Damos continuamente graças a Deus por todos vós… (S. Paulo aos Tessalonicenses 1ª epístola, 1, 2).

Há duas palavras, das mais belas do vocabulário humano, duas palavras, simples, mas que vão longe quando assentimos realmente: «sim» e «obrigado».
A julgar pela raridade da gratidão, parece coisa dificílima para os homens o dizer «obrigado». Se melhor se compreendesse o dever de agradecer, que tamanha mudança não haveria, entretanto, nas relações humanas!
Nosso Senhor, no Evangelho, chamou a atenção para uma falta grave. Lembrai-vos do episódio da cura dos dez leprosos. Nosso Senhor fez o milagre. Lá vão eles felizes, satisfeitos. Só um dos leprosos pensou em voltar atrás, para agradecer ao Mestre. «E os outros nove - disse Jesus - onde estão eles, não foram curados também?»
Tinham-se esquecido, simplesmente, de agradecer.

AGRADECER AOS OUTROS

Já teremos reparado bem até que ponto consideramos como coisa para sempre entendida, que temos o dever de agradecer os serviços que nos prestam?
Sucede muitas vezes, quando se chama a atenção de qualquer patrão ou chefe para o zelo do seu empregado ou servidor, ouvir-se em resposta: «Mas, para isso é que são pagos». Pronto! Paga-se e quem paga, julga-se desobrigado.
Devia reflectir-se em tudo quanto contém de caridade cristã, de calor humano, um «obrigado», mesmo quando se pagou um serviço.
Há tanta coisa, aliás, que se não paga com dinheiro, mas que se paga com um sorriso, com uma atenção, com um «obrigado».
As floristas descobriram esta linda sugestão: «Manifestai os vossos sentimentos com flores». Devemos exprimir os nossos sentimentos com a ajuda de outra coisa que não seja só moeda ou gorjeta.
Ditoso o lar onde os filhos aprenderam a dizer «obrigado» àquele e àquela que lhes consagram a vida e só querem o bem deles. Há coisas que vão bem por si; mas, que se se disserem, muito melhor vão ainda!
Há uma arte da gratidão, a inculcar com oportunidade e tacto. A vida é feita de mil coisinhas e a felicidade na família depende delas, em grande parte. Uma dessas coisinhas é a palavrinha «obrigado», dita no momento próprio.
O «obrigado» do marido à esposa vale todo o dinheiro do mundo: indica que o marido está atento ao que se faz por ele, que sabe aperceber-se do amor e do esforço encoberto nas pequenas minúcias da vida quotidiana.
O «obrigada» da mulher ao esposo é mais do que é preciso para lhe dar coragem, a fim de recomeçar, cada dia que nasce, um trabalho monótono e fatigante, a luta pela vida, em que por vezes os golpes são deveras duros e os homens muito maus. É um raio de sol que leva consigo o esposo, para os aborrecimentos do escritório ou da oficina. E o homem tem mais necessidade de sol do que de pão.
E o «obrigado» do chefe ao que trabalha sob as suas ordens, que milagres não opera de dedicação! Nada se compreende da questão social, enquanto se julgar que de facto o conflito entre patrões e operários é principalmente uma questão de dinheiro. Primeiro que tudo é uma questão de relações humanas.
É de lembrar aquele mineiro, interrogado pelo rei Alberto da Bélgica, ao descer a uma mina. Perguntou-lhe o soberano, se queria alguma coisa para si e seus camaradas ele trabalho. A resposta brotou, espontânea e digna: «Senhor, queremos que nos respeitem».

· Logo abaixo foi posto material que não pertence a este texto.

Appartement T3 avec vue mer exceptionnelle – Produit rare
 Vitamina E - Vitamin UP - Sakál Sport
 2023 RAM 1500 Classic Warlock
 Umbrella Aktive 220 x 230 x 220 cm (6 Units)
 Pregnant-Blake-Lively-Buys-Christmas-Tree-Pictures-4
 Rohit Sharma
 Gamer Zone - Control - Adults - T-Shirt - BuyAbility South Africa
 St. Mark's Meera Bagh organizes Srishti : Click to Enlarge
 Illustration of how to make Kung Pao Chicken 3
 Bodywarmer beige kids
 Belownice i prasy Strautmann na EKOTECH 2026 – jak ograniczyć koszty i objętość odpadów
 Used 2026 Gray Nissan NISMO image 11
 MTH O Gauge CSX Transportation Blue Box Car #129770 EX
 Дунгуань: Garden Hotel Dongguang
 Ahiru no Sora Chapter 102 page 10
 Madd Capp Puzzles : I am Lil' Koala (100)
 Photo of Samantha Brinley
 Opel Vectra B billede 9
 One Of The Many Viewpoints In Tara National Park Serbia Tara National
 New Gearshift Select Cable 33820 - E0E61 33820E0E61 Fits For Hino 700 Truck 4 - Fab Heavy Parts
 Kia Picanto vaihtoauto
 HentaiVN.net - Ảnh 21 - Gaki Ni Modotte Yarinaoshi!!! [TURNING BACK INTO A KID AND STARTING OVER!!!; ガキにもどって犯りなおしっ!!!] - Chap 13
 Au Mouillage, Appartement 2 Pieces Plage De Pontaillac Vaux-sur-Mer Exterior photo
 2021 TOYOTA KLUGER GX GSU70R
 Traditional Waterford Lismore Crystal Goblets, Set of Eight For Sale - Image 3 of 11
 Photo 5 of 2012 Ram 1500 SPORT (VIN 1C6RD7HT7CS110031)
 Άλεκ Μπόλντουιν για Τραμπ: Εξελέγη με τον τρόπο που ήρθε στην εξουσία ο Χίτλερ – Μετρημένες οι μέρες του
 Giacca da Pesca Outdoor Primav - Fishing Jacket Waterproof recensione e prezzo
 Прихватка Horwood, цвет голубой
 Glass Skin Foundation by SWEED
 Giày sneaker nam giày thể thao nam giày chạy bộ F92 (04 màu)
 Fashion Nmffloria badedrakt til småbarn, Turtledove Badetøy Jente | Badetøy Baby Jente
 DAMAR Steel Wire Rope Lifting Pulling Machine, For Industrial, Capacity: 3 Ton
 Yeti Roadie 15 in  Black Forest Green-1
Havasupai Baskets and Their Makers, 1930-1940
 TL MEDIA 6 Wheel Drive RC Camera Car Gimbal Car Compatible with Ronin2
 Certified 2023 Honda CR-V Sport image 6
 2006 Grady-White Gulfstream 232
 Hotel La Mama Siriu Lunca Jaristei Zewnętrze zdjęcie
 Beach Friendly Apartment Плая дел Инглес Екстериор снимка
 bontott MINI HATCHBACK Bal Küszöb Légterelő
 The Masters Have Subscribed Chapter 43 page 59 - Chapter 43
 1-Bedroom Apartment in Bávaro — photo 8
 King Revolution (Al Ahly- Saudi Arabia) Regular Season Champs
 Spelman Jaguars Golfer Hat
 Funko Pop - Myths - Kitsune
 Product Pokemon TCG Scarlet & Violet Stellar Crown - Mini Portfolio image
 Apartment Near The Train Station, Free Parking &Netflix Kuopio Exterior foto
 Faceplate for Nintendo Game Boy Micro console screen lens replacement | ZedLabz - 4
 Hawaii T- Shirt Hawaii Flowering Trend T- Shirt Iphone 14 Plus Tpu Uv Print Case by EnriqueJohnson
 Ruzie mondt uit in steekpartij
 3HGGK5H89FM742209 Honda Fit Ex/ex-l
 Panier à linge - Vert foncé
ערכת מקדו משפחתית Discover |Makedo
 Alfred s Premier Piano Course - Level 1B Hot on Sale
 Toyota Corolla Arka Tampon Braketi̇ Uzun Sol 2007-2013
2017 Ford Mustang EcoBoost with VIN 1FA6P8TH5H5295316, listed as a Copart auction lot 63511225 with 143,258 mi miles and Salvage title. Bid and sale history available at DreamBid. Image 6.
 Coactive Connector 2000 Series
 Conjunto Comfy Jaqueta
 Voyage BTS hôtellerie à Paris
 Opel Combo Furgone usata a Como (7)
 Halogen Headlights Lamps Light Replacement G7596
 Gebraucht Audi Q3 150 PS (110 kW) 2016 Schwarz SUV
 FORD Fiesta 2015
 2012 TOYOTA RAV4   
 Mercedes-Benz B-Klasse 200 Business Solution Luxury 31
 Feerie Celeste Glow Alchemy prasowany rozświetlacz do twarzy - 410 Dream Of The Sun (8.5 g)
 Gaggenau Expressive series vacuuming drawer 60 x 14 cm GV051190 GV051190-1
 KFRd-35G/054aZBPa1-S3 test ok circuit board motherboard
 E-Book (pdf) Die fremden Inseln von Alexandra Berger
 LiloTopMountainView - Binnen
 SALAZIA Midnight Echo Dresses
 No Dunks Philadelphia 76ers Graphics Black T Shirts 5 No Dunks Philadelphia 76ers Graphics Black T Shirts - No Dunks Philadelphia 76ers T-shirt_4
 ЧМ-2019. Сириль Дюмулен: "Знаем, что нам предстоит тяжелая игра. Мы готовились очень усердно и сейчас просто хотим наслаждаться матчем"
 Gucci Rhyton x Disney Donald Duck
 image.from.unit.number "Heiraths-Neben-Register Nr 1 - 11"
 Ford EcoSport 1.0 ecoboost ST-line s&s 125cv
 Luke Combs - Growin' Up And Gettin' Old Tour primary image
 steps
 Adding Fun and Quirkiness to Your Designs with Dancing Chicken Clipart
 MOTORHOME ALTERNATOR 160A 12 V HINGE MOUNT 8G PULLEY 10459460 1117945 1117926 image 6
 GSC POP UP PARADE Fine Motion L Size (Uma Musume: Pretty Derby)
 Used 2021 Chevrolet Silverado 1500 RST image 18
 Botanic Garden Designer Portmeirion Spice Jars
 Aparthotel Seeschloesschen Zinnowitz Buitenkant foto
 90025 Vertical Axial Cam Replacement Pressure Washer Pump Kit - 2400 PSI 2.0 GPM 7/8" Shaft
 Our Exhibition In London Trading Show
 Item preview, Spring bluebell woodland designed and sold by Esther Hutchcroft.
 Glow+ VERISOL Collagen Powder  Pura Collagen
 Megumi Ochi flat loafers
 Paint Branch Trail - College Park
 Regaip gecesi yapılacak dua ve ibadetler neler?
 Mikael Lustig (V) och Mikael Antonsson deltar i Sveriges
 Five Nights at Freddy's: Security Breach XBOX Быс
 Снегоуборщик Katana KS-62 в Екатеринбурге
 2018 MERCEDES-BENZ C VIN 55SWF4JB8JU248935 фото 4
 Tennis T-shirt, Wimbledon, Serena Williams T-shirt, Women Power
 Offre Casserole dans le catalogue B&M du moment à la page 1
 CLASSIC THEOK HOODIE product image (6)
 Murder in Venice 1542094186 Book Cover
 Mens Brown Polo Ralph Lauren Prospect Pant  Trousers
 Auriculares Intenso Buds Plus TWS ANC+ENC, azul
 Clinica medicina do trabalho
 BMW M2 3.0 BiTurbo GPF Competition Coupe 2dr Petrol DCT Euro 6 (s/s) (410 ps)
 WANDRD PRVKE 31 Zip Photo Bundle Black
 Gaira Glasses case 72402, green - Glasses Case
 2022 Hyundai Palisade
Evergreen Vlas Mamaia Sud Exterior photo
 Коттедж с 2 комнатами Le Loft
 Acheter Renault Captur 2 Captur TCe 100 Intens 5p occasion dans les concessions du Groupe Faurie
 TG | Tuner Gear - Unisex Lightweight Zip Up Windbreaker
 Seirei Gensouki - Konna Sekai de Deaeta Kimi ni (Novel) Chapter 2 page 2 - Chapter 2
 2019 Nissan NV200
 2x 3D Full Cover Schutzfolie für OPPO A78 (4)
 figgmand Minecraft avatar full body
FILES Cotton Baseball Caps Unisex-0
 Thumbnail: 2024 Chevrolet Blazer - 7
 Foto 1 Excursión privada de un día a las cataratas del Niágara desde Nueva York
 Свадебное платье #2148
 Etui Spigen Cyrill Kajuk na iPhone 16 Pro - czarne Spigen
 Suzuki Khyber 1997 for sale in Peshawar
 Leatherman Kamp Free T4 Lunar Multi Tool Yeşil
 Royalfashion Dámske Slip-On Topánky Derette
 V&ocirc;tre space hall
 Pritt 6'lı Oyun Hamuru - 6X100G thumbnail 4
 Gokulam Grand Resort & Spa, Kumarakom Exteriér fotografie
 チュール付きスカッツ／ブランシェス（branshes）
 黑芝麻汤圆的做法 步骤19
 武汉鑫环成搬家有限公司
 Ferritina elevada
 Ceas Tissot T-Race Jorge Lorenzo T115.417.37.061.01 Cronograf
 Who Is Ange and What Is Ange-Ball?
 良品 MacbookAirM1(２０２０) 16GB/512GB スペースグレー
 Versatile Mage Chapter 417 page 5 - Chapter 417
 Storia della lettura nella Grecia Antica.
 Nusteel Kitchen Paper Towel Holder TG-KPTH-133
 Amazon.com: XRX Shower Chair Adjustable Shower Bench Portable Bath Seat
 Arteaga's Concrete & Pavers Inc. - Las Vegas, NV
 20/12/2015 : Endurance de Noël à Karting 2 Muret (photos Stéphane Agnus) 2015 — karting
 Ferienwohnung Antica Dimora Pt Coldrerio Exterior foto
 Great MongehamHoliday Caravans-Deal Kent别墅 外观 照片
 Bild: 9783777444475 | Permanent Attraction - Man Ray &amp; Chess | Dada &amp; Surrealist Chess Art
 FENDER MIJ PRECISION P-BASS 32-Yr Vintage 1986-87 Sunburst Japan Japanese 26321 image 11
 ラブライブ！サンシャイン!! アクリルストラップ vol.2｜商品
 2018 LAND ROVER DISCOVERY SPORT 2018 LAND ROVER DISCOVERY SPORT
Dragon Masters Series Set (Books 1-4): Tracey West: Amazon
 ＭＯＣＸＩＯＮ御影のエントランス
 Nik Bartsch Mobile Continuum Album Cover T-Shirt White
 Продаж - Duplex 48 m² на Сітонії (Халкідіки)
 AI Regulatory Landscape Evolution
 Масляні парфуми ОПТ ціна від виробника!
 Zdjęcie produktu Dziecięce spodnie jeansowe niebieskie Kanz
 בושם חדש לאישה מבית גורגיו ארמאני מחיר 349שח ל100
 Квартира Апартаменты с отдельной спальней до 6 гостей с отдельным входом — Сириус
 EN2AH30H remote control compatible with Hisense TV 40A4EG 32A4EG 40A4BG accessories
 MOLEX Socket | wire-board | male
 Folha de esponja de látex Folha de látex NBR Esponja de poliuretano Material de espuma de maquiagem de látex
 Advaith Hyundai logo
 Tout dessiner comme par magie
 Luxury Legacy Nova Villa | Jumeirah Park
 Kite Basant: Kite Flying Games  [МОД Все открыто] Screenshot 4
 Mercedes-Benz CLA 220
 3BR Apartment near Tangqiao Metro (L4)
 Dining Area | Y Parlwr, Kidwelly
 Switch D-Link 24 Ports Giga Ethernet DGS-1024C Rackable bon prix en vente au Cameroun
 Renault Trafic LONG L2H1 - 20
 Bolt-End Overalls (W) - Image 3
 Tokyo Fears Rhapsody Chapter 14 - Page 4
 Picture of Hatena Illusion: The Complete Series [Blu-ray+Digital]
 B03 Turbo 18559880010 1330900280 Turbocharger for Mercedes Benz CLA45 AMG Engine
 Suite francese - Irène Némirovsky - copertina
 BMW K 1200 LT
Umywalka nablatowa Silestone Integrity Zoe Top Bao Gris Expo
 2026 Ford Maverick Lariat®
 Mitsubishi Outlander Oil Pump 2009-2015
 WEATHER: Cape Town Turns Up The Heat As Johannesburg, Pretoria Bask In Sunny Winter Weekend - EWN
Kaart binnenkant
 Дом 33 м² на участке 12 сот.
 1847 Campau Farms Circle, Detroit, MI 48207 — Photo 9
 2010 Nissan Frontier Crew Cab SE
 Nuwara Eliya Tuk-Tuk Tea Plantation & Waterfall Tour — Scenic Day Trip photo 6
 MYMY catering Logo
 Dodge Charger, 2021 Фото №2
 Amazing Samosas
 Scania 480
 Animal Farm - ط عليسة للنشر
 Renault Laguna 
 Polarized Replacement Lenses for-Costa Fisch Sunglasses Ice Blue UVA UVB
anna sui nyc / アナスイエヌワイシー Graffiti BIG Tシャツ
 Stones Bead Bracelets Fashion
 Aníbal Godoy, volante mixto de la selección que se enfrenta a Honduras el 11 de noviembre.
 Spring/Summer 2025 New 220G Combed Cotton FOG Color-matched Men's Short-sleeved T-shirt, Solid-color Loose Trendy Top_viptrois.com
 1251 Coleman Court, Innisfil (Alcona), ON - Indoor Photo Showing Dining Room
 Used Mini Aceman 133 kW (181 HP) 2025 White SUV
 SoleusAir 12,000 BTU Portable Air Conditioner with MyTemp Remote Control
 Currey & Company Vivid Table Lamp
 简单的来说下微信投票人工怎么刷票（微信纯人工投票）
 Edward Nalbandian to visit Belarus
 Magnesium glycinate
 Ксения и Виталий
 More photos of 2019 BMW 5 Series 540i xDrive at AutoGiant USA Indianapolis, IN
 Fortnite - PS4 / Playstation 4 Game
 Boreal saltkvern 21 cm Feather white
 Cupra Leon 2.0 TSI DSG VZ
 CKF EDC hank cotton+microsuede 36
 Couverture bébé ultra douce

Grito que vem de dentro de nós: o que se quer, primeiro, é respeito, e o agradecimento é uma afirmação de respeito. Por isso a gratidão toca tão vivamente o coração humano.
É preciso saber agradecer aos que nos cercam, a começar pelos mais próximos, que correm o risco, se nos descuidarmos, de serem os eternos esquecidos. É necessário, de tempos a tempos, fazer uma paragem, olhar um pouco para trás e dizer as palavras que ficam, mas do que merecem, esquecidas, subentendidas, e que devem ser ditas, de vez em quando. A palavra «obrigado» pertence a esse número.

AGRADECER A DEUS

É essencial também, que saibamos agradecer a Deus. Agradecer o quê?
Mas..., primeiro, por ser Deus; é a grande prece de reconhecimento para com Ele. Obrigado, Senhor, diz o «Glória» da missa, pela vossa imensa glória. Agradecer a Deus por ser Deus, na comunhão com a sua própria alegria. Carlos de Foucauld exprimia a sua gratidão, dizendo a Deus, no meio dos seus trabalhos e das suas aflições pessoais, esta frase, impulso de puríssima adoração ordenação de todas s coisas: «Meu Deus, a vossa beatitude me basta».
Esse «obrigado» é caridade teologal em toda a sua lógica.
É preciso, também, agradecer a Deus por tudo quanto lhe devemos. Há nisso permanente motivo de contentamento e gratidão. Nunca se findaria de enumerar as suas bondades. Basta-nos dizer, que devemos agradecer a Deus por ser nosso Pai, porque temos a alegria de ser com toda a verdade seus filhos: somos divinos naturalizados, seus filhos adoptivos.
Agradecer a Deus, por ser nosso Irmão, por se ter tornado como um de nós, para, com ele e por ele, entrarmos na família divina, de pleno direito e integralmente.
Agradecer a Deus, por sermos santificados pelo Espírito «que faz os santos e os vivos», que nos quer fazer penetrar na própria profundidade de Deus e associar-nos ao impulso do seu amor.
É necessário saber agradecer, também, por cada objecto à nossa disposição: pela casa que nos abriga, pela mesa em que trabalhamos ou comemos, pela cama em que nos deitamos, pela cadeira em que repousamos, pelos livros que nos alimentam, pela lâmpada que nos alumia, pelo fogo que nos aquece, pelos amigos com que deparamos ao sabor da vida, por mil e uma outras coisas ao alcance da mão. É Deus que nos dá tudo isso, por intermédio das causas segundas. Para Ele deve subir a nossa gratidão, como para a suprema causa de todos os nossos bens.
Interessante é muitas vezes, e esclarecedor, também, apanhar de fugida as últimas palavras proferidas neste mundo por alguma alma de eleição. Traduzem, às vezes, o sentido de toda uma vida e abrem horizontes para a espiritualidade que as animou.
Conheceis a última prece de Santa Clara, essa alma pura e fragrante, que respondeu tão generosamente ao Evangelho? Sentindo que já ia morrer, voltou-se para Deus em derradeira prece, e ouviu-se que murmurava estas palavras: «Obrigada, Senhor, porque me criastes».
É o supremo agradecimento que toda a criatura deve ao Criador, é a exclamação da alma que compreendeu o esplendor do agradecimento.